All Sisyphus’ silent joy is contained therein. His fate belongs to him. His rock is his thing. Likewise, the absurd man, when he contemplates his torment, silences all the idols. In the universe suddenly restored to its silence, the myriad wondering little voices of the earth rise up. Unconscious, secret calls, invitations from all the faces, they are the necessary reverse and price of victory. There is no sun without shadow, and it is essential to know the night. The absurd man says yes and his effort will henceforth be unceasing. If there is a personal fate, there is no higher destiny, or at least there is but one which he concludes is inevitable and despicable. For the rest, he knows himself to be the master of his days. At that subtle moment when man glances backward over his life, Sisyphus returning toward his rock, in that slight pivoting he contemplates that series of unrelated actions which becomes his fate, created by him, combined under his memory’s eye and soon sealed by his death. Thus, convinced of the wholly human origin of all that is human, a blind man eager to see who knows that the night has no end, he is still on the go. The rock is still rolling.

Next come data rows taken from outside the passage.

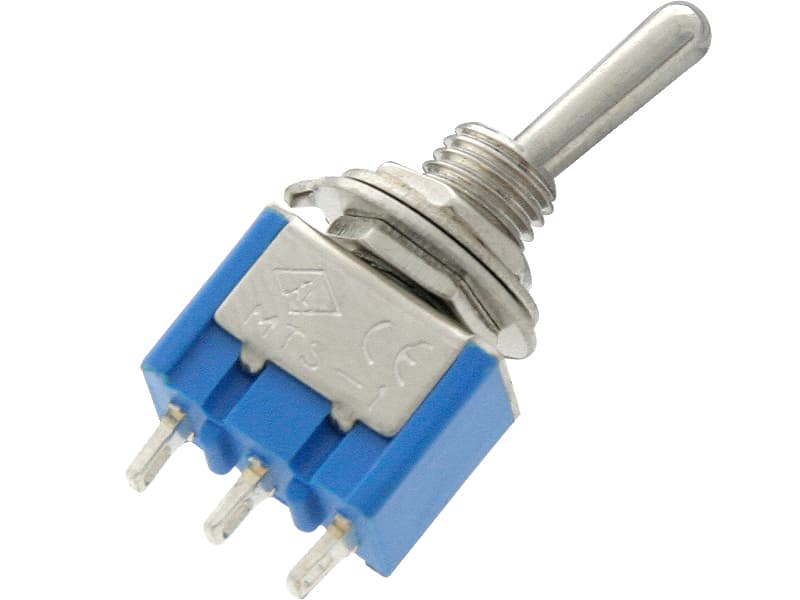 Preklopnik Blow MTS 103, 3A 250V, ON-OFF-ON | Vklop-izklop-vklop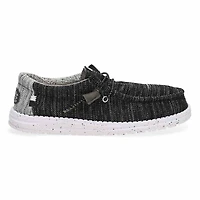 Men's Wally Stretch Casual Shoe - Meteorite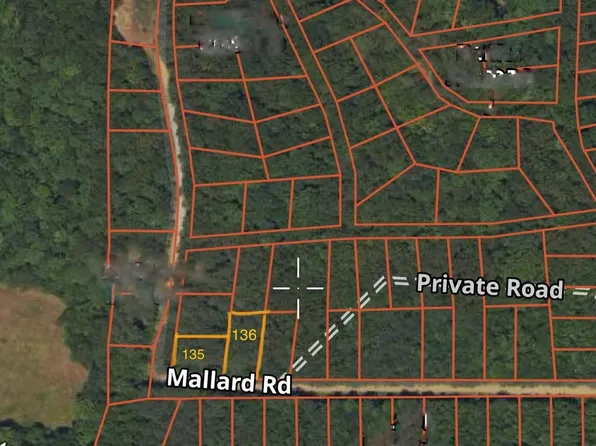 Lots 135 & 136 Mallard Rd, Murray, KY 42071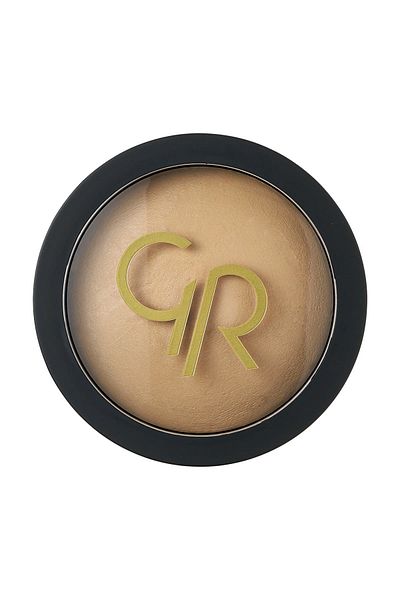Golden Rose 03 Nude Mineral Terrabacked Powder - 8691190540548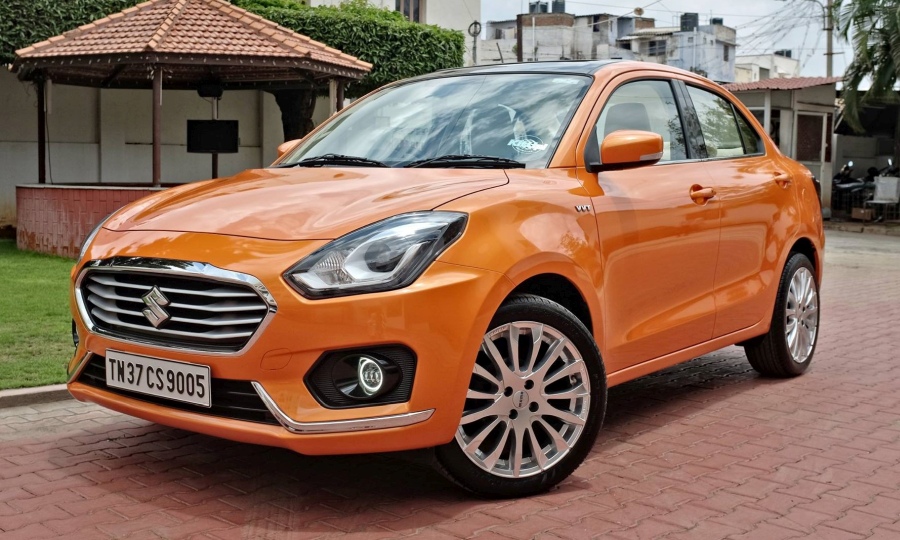 This Maruti Dzire Features Twin Sunroofs and White Leather Interior - photograph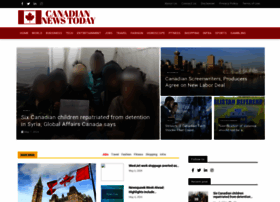 Canadiannewstoday.com thumbnail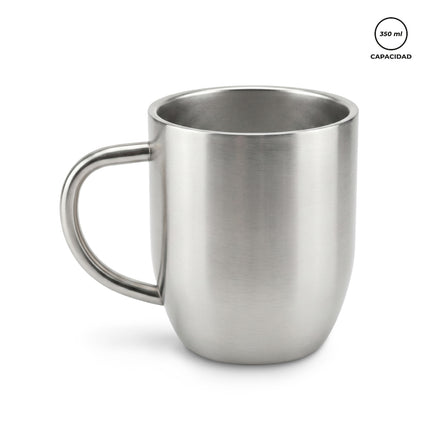 MUG METALICO GRAM 350ML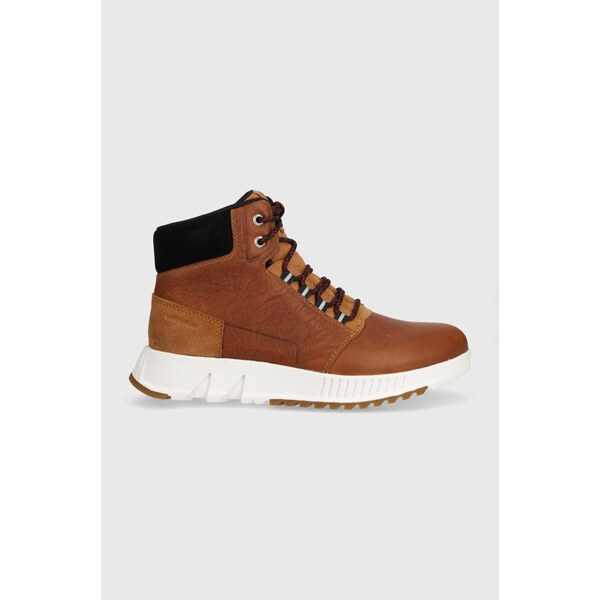 Kožená obuv Sorel MAC HILL LITE MID WP 64303521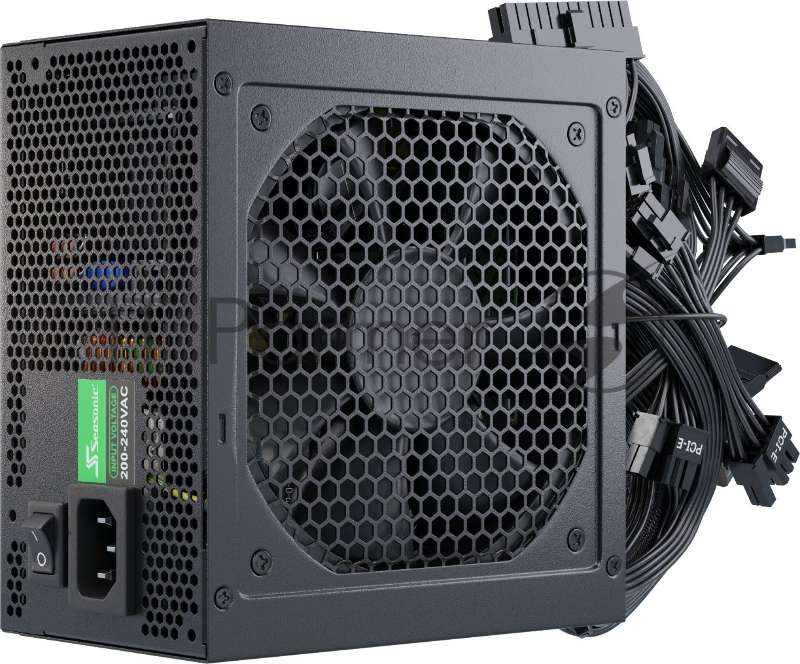 Блок питания Seasonic ATX 700W A12-700 (SSR-700RA) 80+ 24+2x(4+4) pin APFC 135mm fan 10xSATA Cab Manag RTL
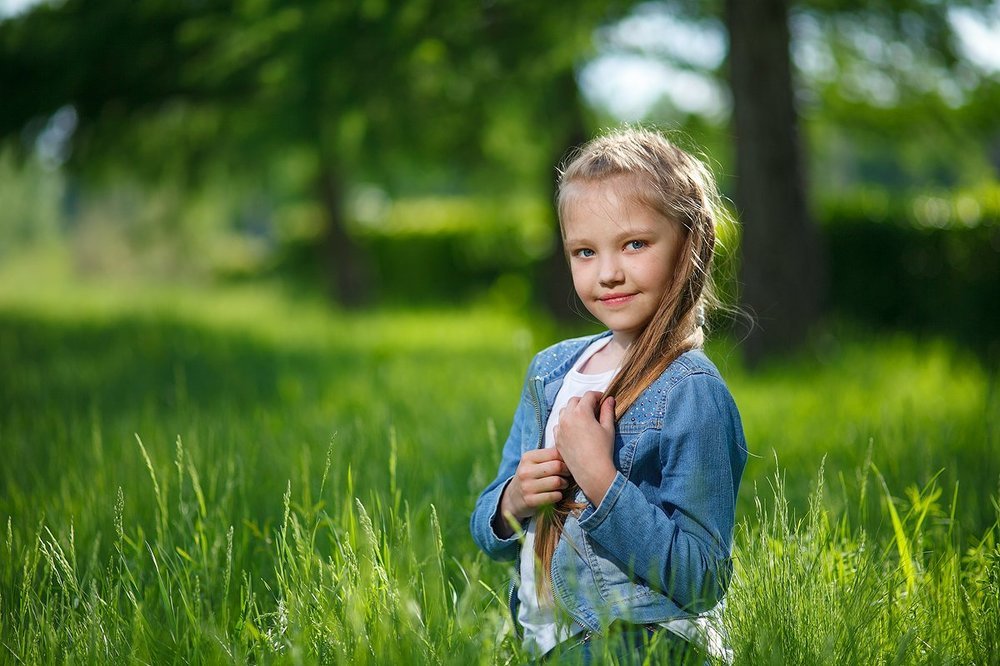 Милейшая девочка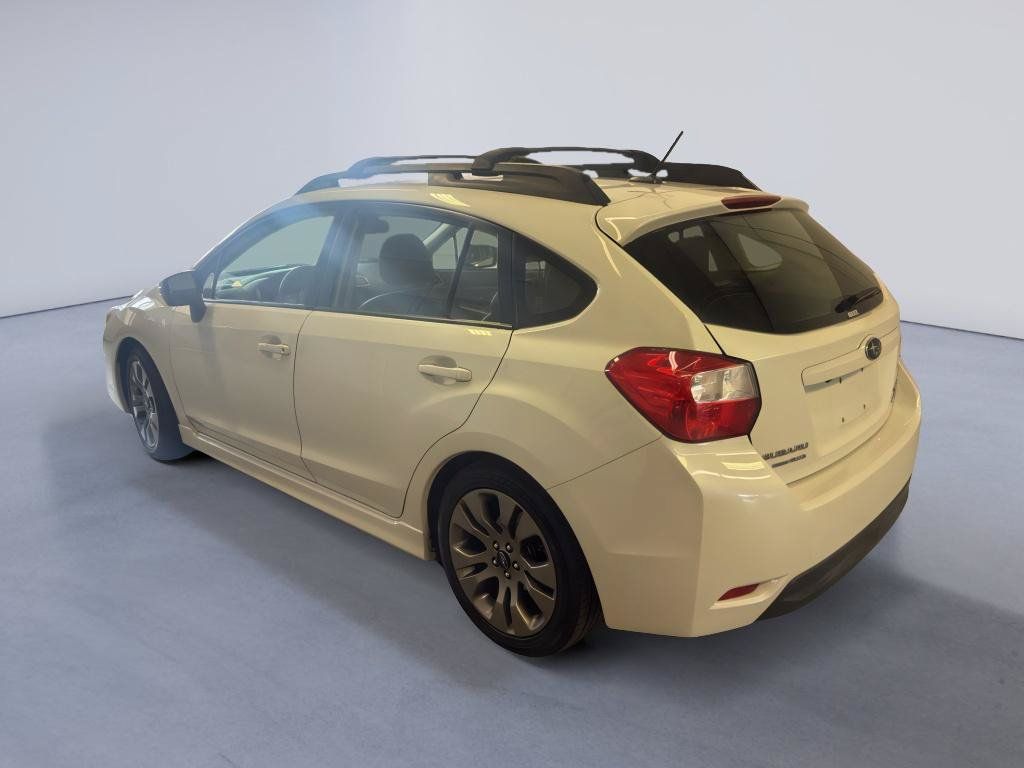 Used 2015 Subaru Impreza 2.0i Sport Limited w/ Popular Package #1 AWD/4WD image 7
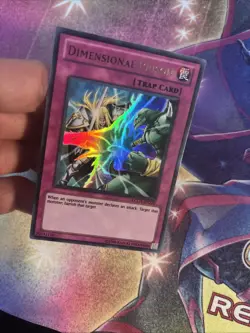 (YBL) Yugioh Dimensional Prison LCGX-EN220 Ultra Rare Unlimited LP - Image 2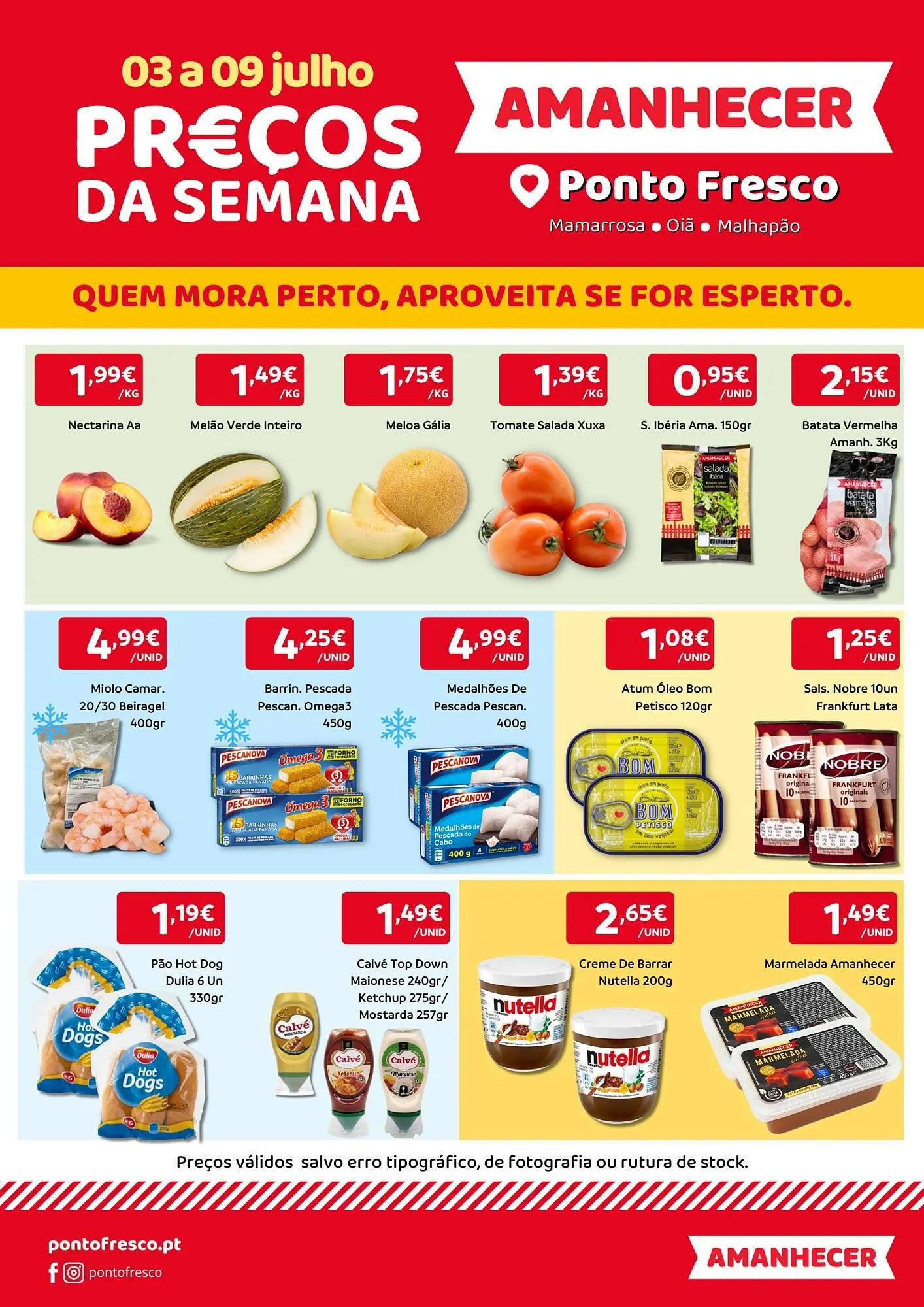 Folheto Ponto Fresco - 1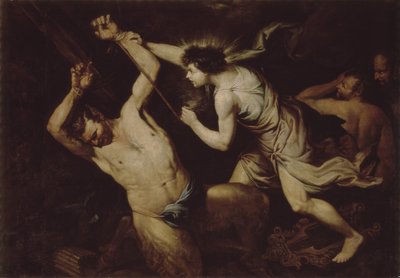 Marsia e Apollo da Unbekannt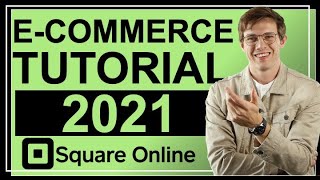E-COMMERCE Tutorial For Beginners  (Create An Easy Online Store!) - Square Online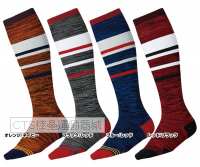 Rawlings 2019 AAS9S04系列 條紋配色棒壘球襪(日本製)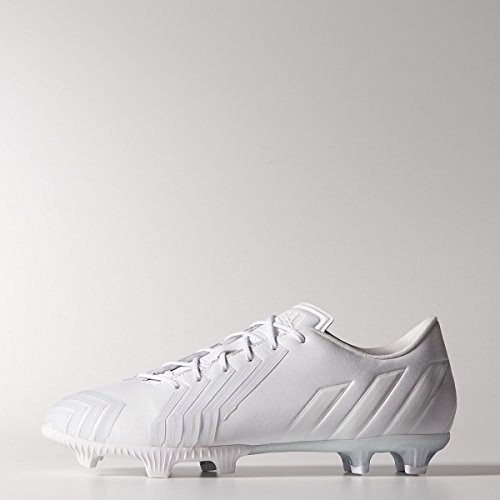 Adidas Men's Predator Instinct FG Soccer Cleats (Whiteout) (10.5)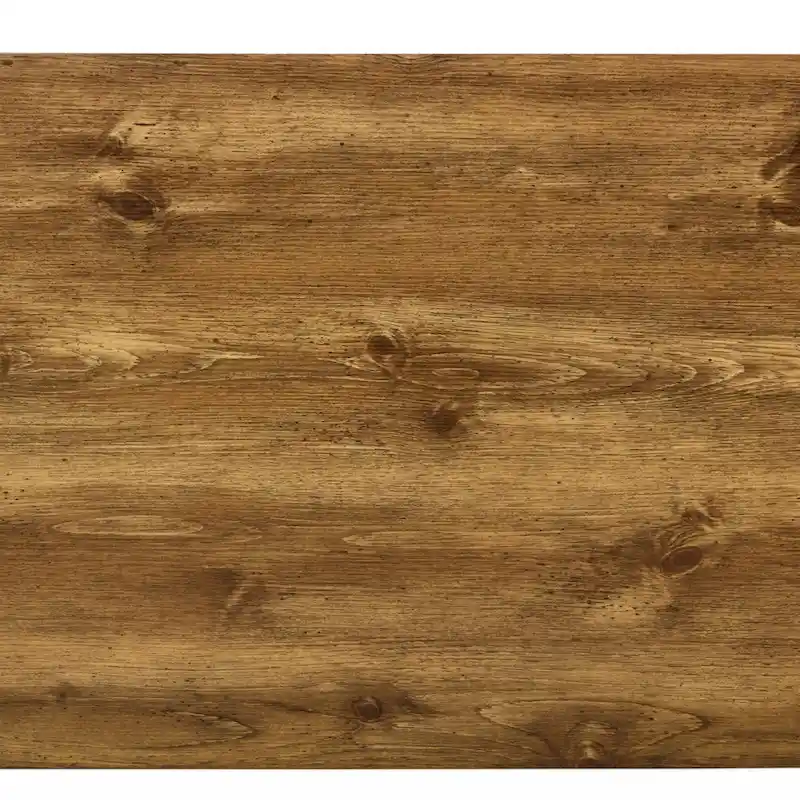 Modern MDF coffee table with wood texture pattern -stylish and durable design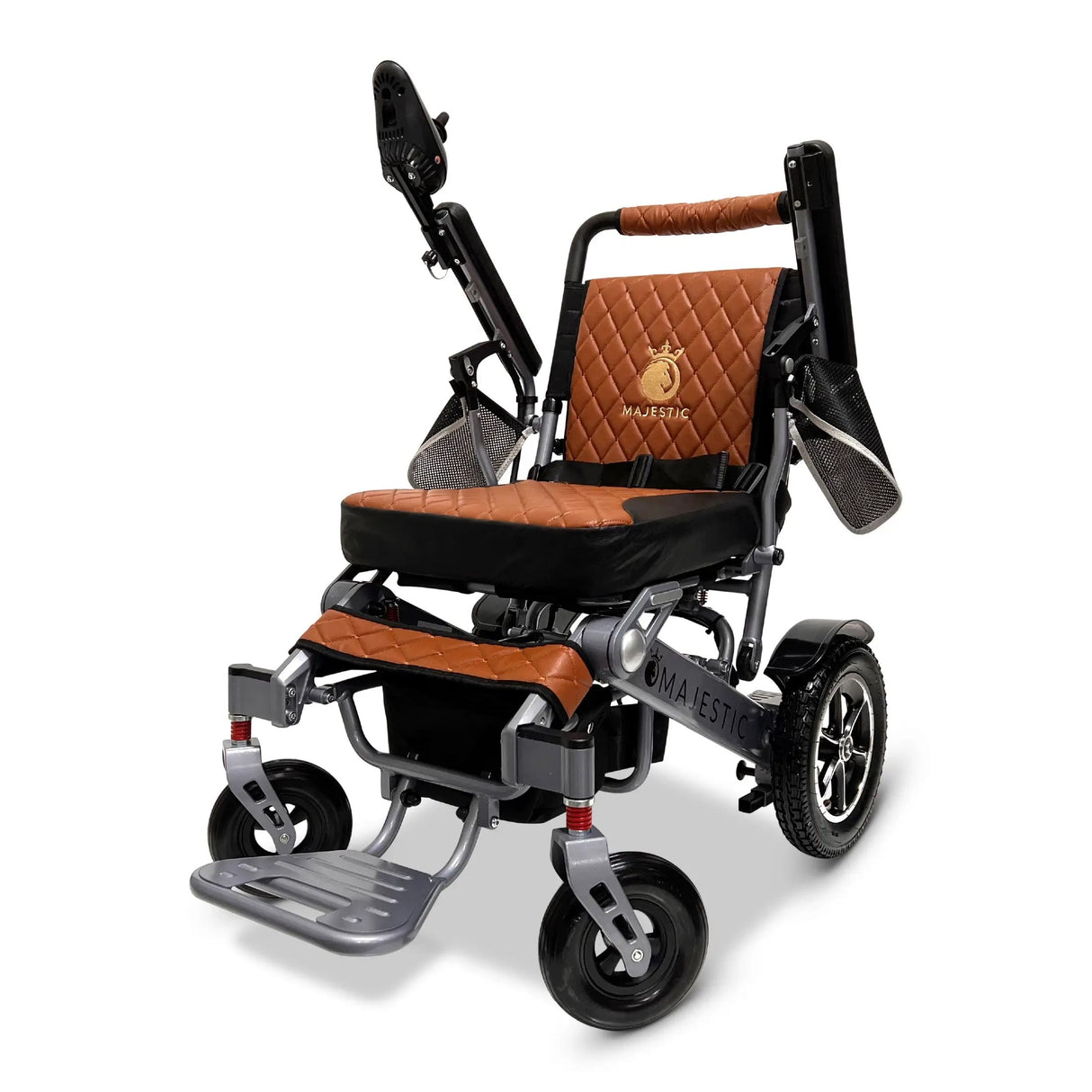 MAJESTIC IQ-7000 Auto Folding Remote Controlled Electric Wheelchair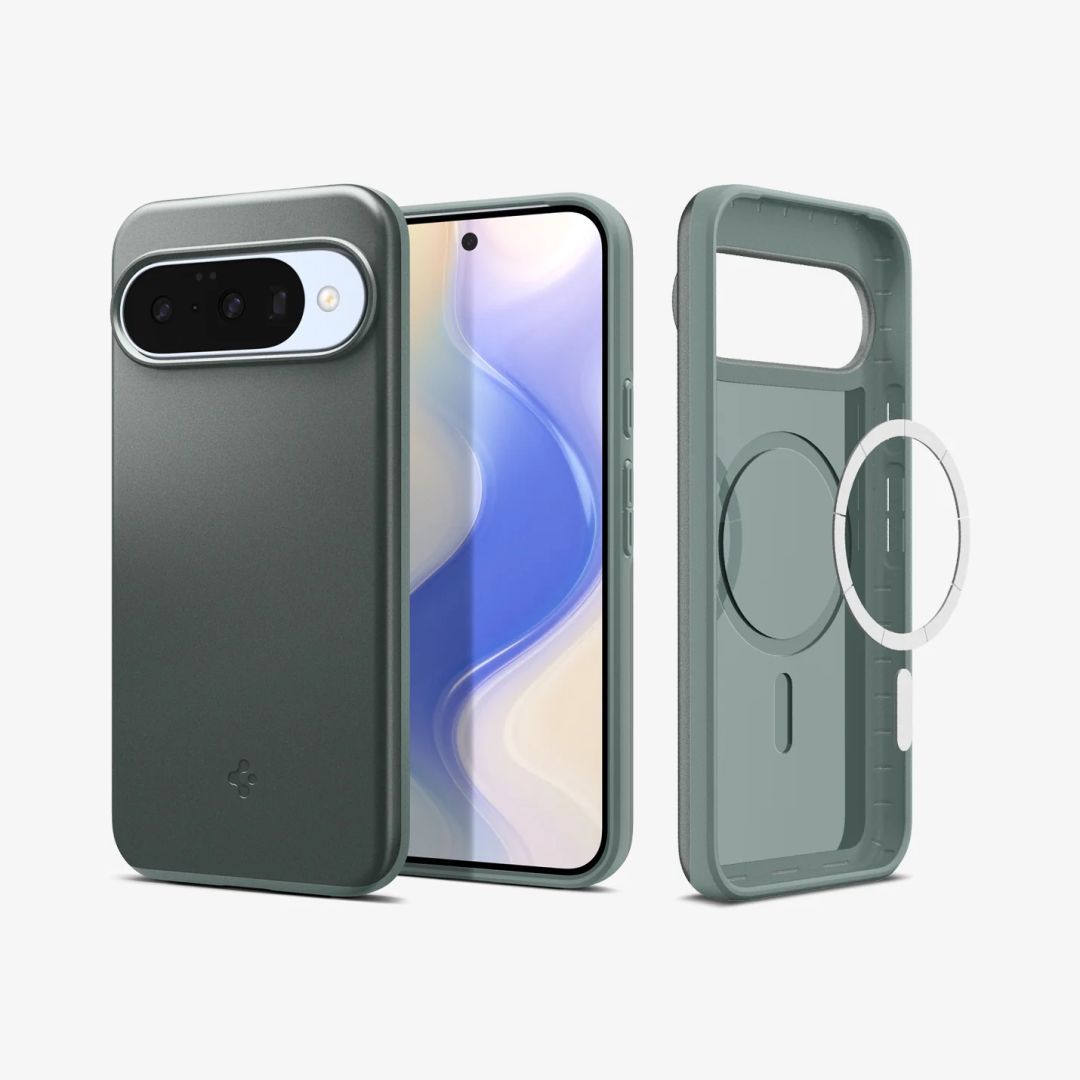 Spigen Thin Fit MagSafe for Google Pixel 10 Pro/Pixel 10 Sage Green Spigen Thin Fit MagSafe for Google Pixel 10 Pro/Pixel 10 Sage Green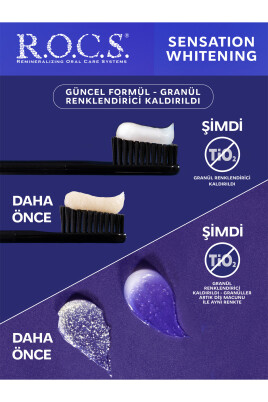 Rocs Sensation Whitening Beyazlatıcı Parlatıcı Diş Macunu 60 Ml - 5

I leave Sisyphus at the foot of the mountain! One always finds one’s burden again. But Sisyphus teaches the higher fidelity that negates the gods and raises rocks. He too concludes that all is well. This universe henceforth without a master seems to him neither sterile nor futile. Each atom of that stone, each mineral flake of that night-filled mountain, in itself forms a world. The struggle itself toward the heights is enough to fill a man’s heart. One must imagine Sisyphus happy.

We must embrace this moment in history. Our history. Our torment. Our ignorance. Our uncertainty. It is all ours, our collective journey as Cavaliers fans. Revel in this moment, and in all the moments of LeBron James. Embrace our own boulders, of every Finals against the Warriors, of dealing with Ty Lue’s rotations, of yet another LeBron James Decision. Embrace everything. Embrace the Absurd.